Supplied records: Begin

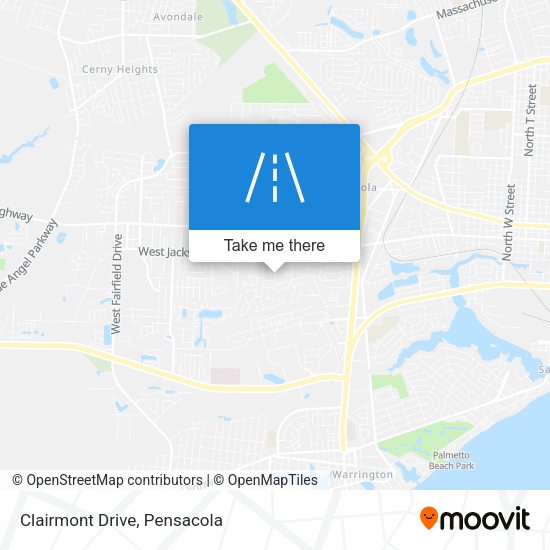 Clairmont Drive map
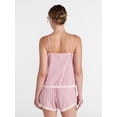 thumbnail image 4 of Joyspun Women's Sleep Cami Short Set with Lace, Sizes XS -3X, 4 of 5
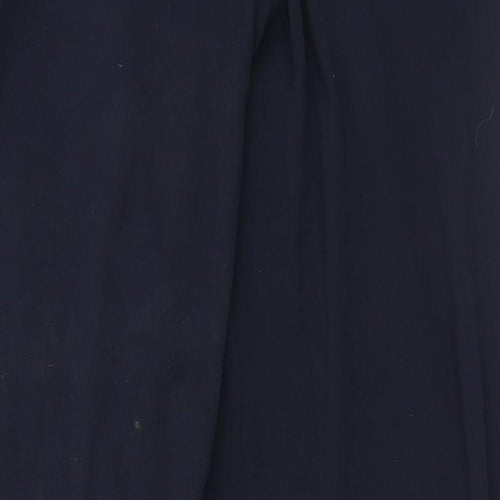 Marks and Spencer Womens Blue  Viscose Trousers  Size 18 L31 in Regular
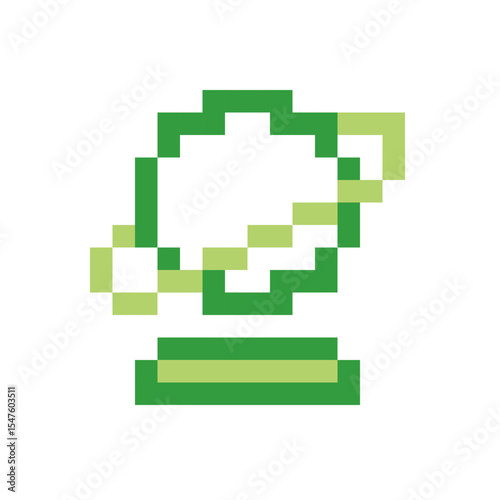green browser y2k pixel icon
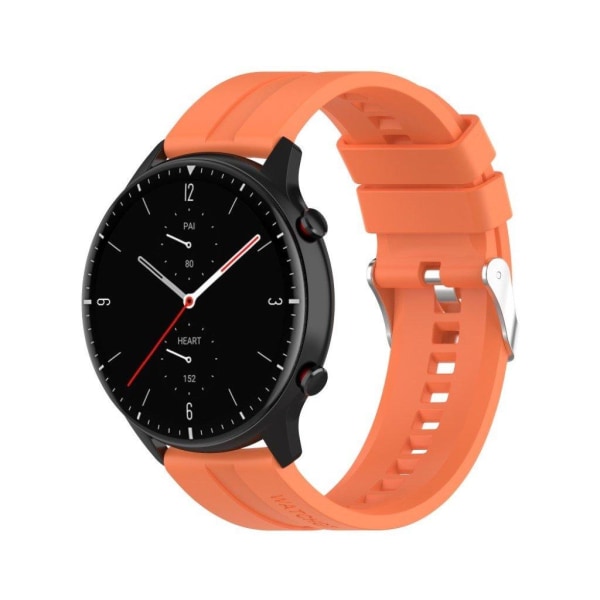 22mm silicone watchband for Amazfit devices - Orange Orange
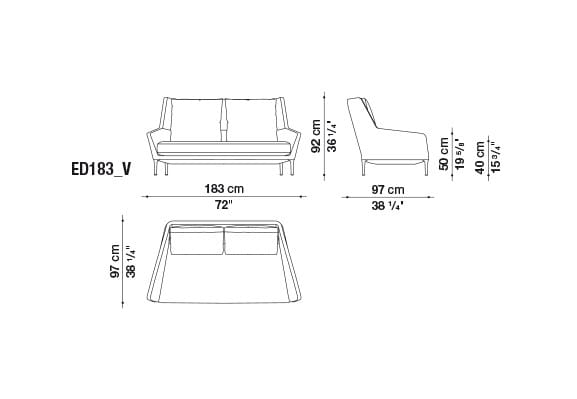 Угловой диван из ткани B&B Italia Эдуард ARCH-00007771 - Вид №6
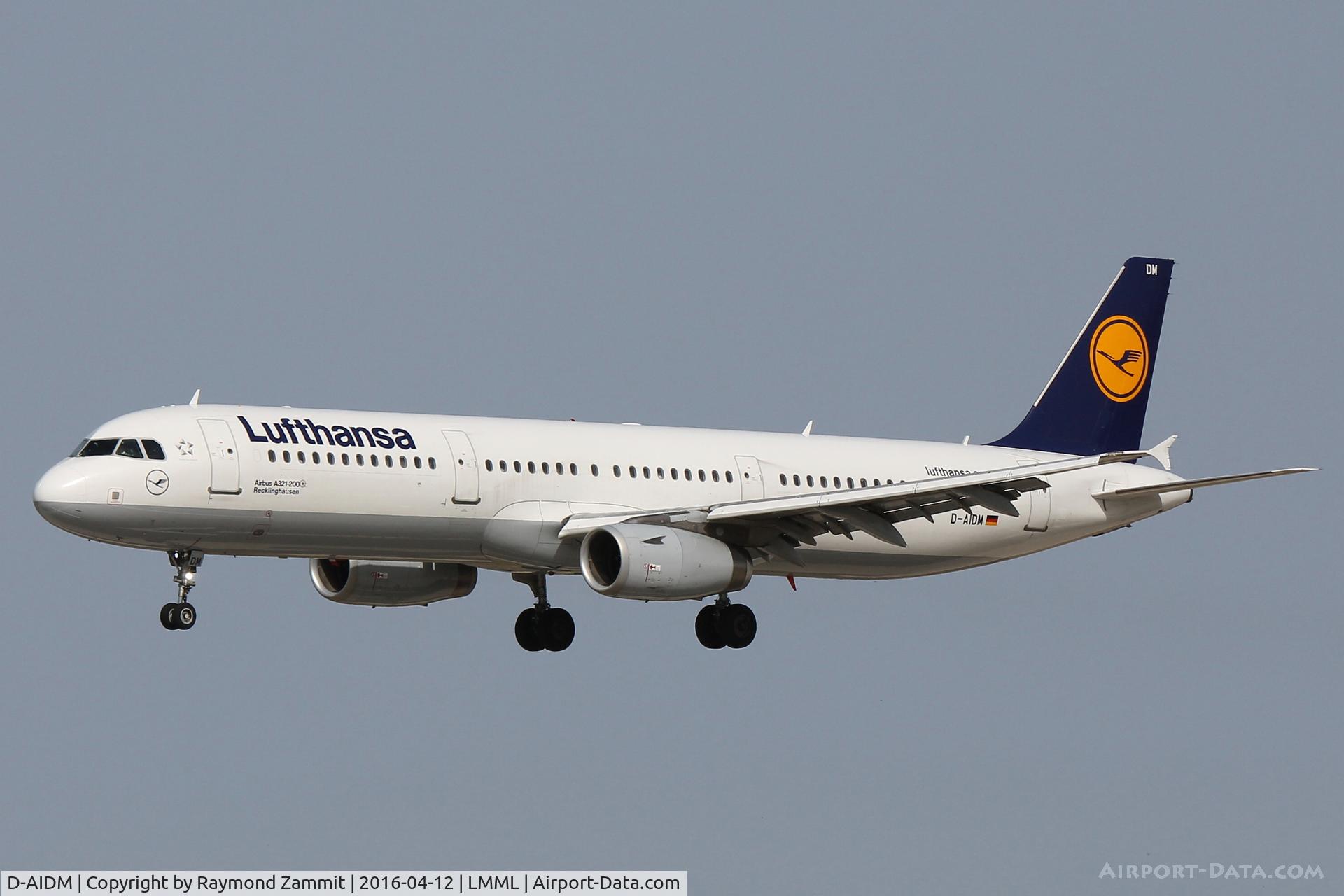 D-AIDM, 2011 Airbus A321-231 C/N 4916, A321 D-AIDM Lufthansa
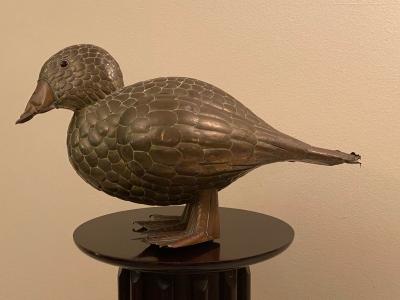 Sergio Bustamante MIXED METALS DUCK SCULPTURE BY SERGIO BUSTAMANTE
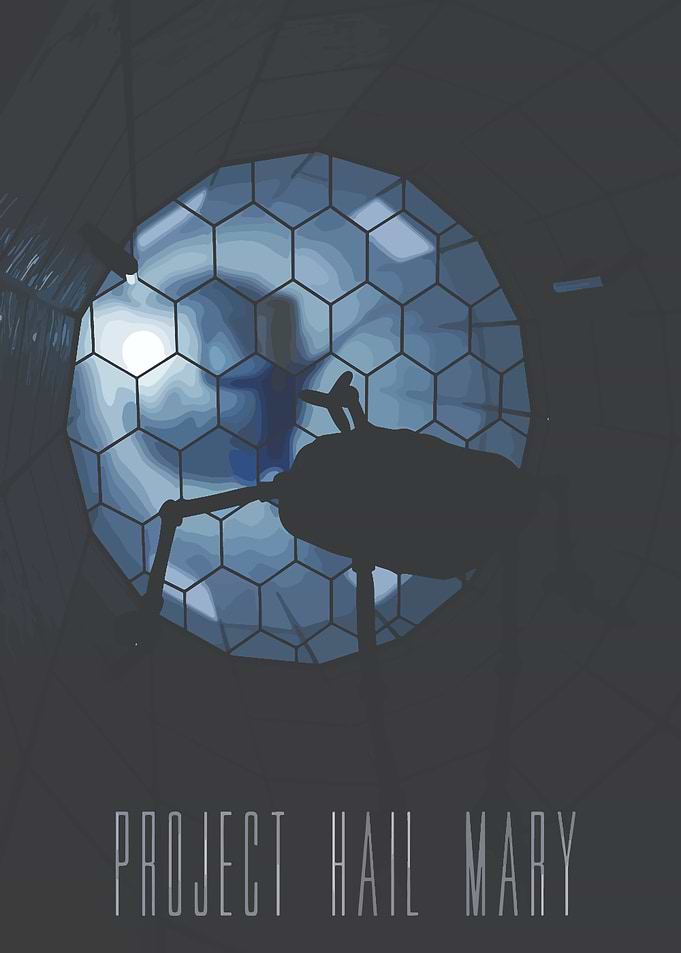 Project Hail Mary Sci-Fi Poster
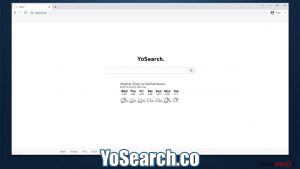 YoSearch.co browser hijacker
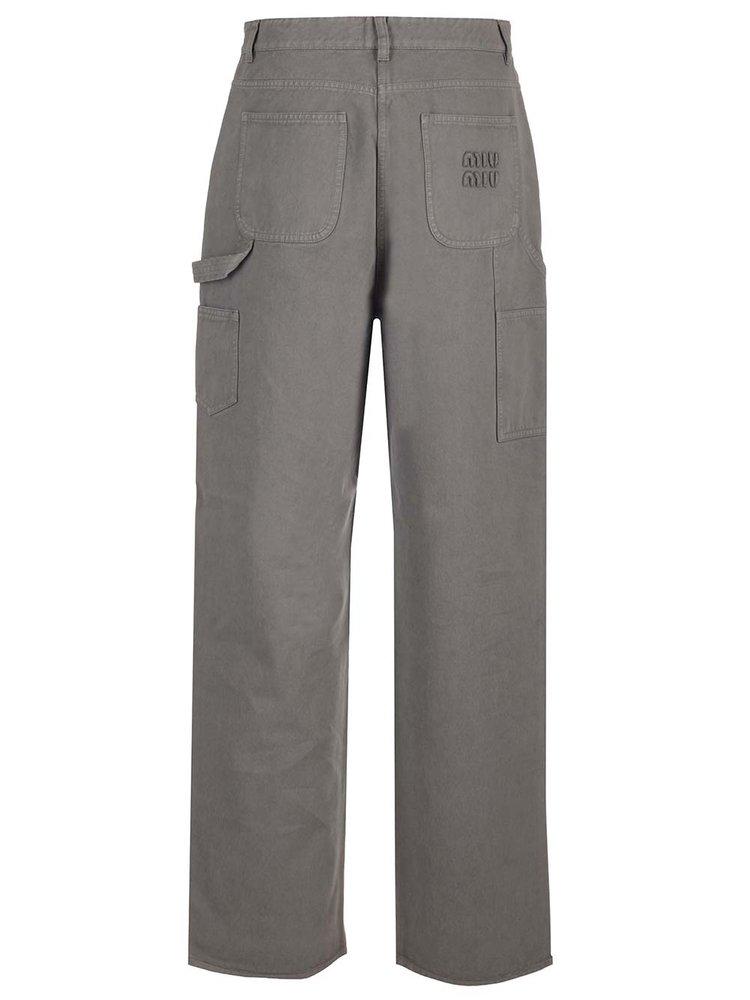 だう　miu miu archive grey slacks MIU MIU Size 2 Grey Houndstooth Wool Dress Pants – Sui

Supplied records: End
Supplied records: Begin

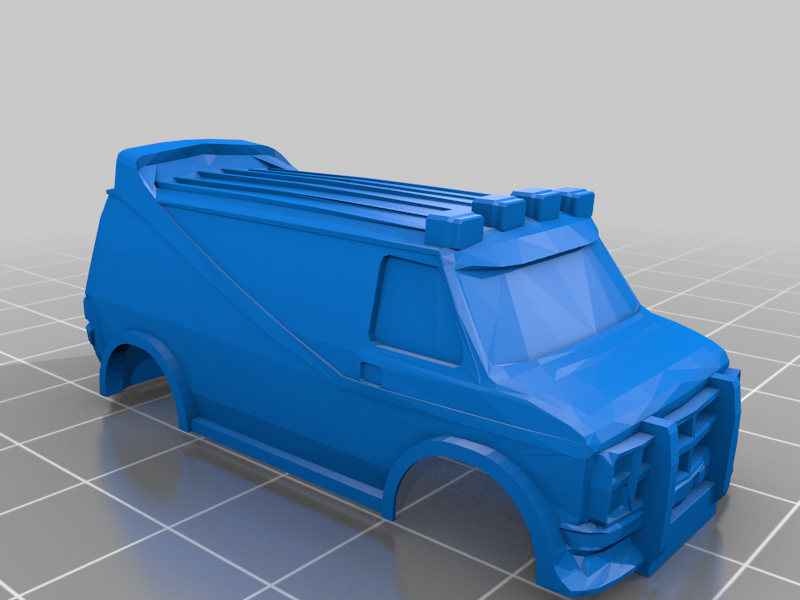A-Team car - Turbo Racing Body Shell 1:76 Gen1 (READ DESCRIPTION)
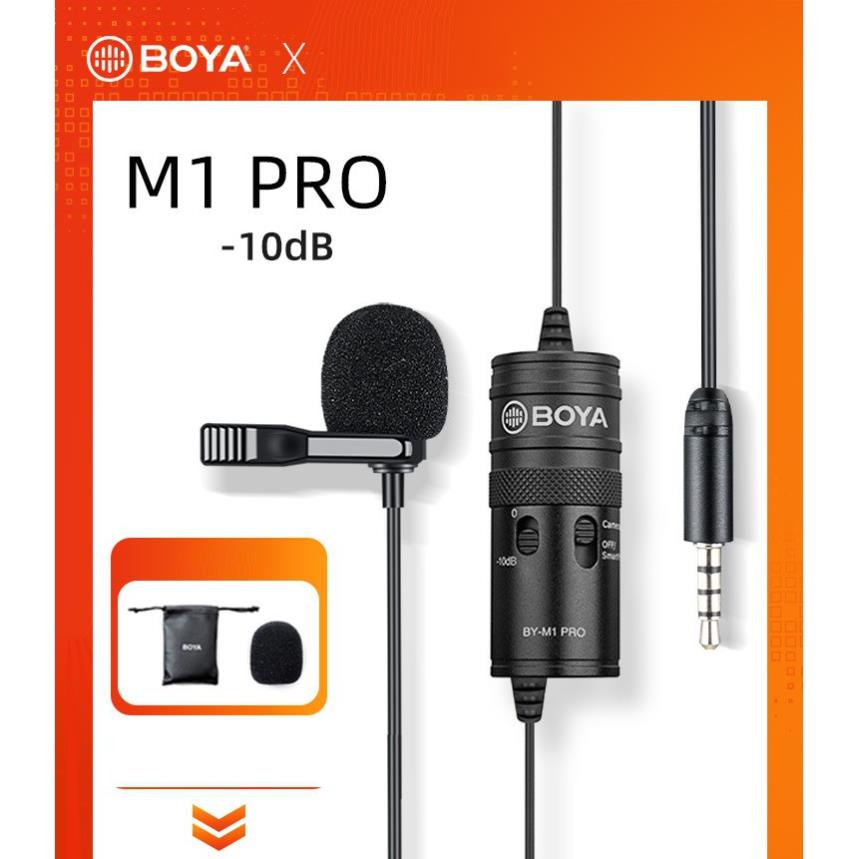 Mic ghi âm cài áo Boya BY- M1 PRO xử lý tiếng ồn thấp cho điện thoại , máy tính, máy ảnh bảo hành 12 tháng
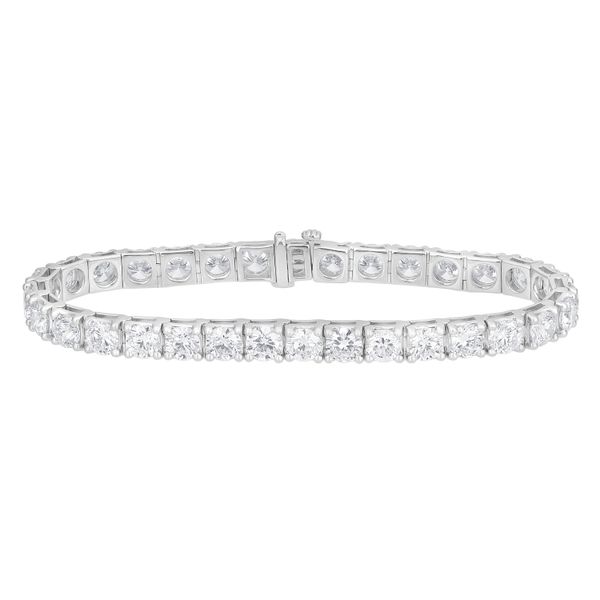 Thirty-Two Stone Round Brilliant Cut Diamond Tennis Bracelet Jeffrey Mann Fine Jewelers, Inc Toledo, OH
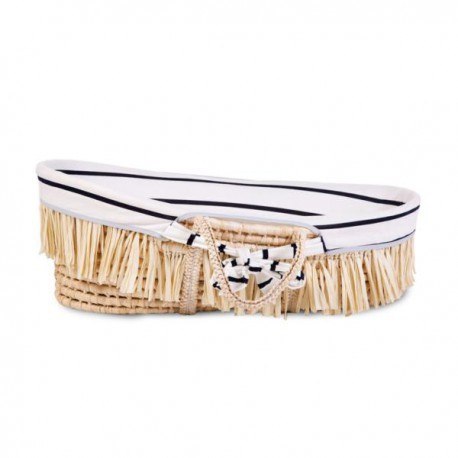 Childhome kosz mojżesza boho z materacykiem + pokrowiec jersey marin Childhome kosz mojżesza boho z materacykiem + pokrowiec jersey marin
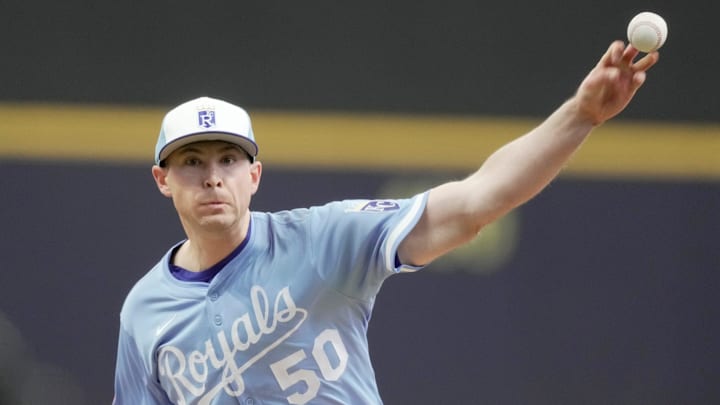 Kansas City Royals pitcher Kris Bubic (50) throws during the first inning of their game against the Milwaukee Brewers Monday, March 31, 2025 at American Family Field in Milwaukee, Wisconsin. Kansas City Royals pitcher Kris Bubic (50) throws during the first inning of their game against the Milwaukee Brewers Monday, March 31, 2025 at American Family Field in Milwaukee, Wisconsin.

Supplied records: End

**Your objective**
Would you print exactly the lines in the listing above, from the line bearing "thumbnail image 4" through the line bearing "だう　miu miu archive", leaving out all pictures?

**Your response**
 thumbnail image 4 of Joyspun Women's Sleep Cami Short Set with Lace, Sizes XS -3X, 4 of 5
 Marks and Spencer Womens Blue  Viscose Trousers  Size 18 L31 in Regular
green browser y2k pixel icon
 22mm silicone watchband for Amazfit devices - Orange Orange
 Угловой диван из ткани B&B Italia Эдуард ARCH-00007771 - Вид №6
 D-AIDM, 2011 Airbus A321-231 C/N 4916, A321 D-AIDM Lufthansa
 Sergio Bustamante MIXED METALS DUCK SCULPTURE BY SERGIO BUSTAMANTE
 Project Hail Mary Sci-Fi Poster
 YoSearch.co browser hijacker
 だう　miu miu archive grey slacks MIU MIU Size 2 Grey Houndstooth Wool Dress Pants – Sui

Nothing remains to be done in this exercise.